For answer number three, I'll quit beating around the bush and try to explain why, although I have to admit that, for me, the answers from here on are going to get less satisfying, and less nicely worded, because we get down into some realms that I don't usually think about (because I really have taken to heart K&R's advice about maintaining some innocence).
An international Standard like X3.159/ISO-9899 is a tremendously difficult document to write, even for a relatively simple programming language like C. When a Standard says something, it must say it definitively and unambiguously. (When it is inaccurate, it must be definitively inaccurate, and when it contains any areas of doubt or uncertainty, they must be rigidly defined areas of doubt or uncertainty.) The Standard must withstand intense scrutiny, for many years, from all sorts of observers, including language lawyers, professional nitpickers, grudging ex-users of other languages, semicompetent implementors of spiffola new compilers for scruffola old computers, and xenophobic adherents of other sociopolitical systems. (If you think that abstract constructions like programming languages are inherently removed from sociopolitical concerns, you haven't followed the crafting of any international Standards.)

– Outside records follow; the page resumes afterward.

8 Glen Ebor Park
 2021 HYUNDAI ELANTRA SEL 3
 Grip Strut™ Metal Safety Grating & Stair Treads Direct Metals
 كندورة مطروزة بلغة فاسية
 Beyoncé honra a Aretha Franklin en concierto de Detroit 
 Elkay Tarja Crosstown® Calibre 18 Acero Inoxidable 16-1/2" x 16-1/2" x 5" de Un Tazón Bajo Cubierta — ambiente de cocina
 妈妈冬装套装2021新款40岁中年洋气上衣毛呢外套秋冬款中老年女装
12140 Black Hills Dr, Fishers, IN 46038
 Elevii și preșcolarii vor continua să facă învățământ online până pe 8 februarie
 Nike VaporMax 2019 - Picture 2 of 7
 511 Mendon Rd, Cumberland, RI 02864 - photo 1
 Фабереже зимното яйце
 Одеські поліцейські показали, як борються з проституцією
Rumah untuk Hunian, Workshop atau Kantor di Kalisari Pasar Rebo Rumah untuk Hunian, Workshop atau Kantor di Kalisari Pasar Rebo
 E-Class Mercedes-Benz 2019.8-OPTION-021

Since it's so hard to specify things precisely enough for a Standard like this, the wise Standard-writer (especially for a Standard that hews to existing practice) won't specify anything more than is necessary. Features that everyone will use (or that someone might be reasonably expected to use) must be specified precisely, but features that no sane person could be expected to use in 6,000 years might be relegated to the dustbin, instead. (Naturally, since we're being precise, we'll have to precisely define the boundaries of the parts we've decided to be imprecise about; the paraphrase above of Vroomfondel's demand from The Hitchhiker's Guide to the Galaxy is not facetious.)
In practice, you can only tell what a computer program has done when it causes a side effect. In a nutshell, then, what a Standard for a programming language does is to define the mapping between the programs you write and the side effects they produce. Consequently, we are very concerned with side effects: how they're expressed in our programs, and how the Standard defines them to behave.
The fragment
int i; i = 7; printf("%d\n", i);contains two obvious side effects, and it is blatantly obvious what their effect should be, and what the Standard says agrees with what you think they should do.
The fragment
int a[10] = {0}, i = 1; i = i++; a[i] = i++; printf("%d %d %d %d\n", i, a[1], a[2], a[3]);contains a few more side effects, but (I assert) it is not obvious how they should behave. What does the second line do? In the third line, do we decide which cell of
a[]
we assign to
before or after we increment i
again? Plenty of people can
probably come up with plenty of opinions of how this fragment
ought to work, but they probably won't all agree with each other,
as the situation is not nearly so clear-cut.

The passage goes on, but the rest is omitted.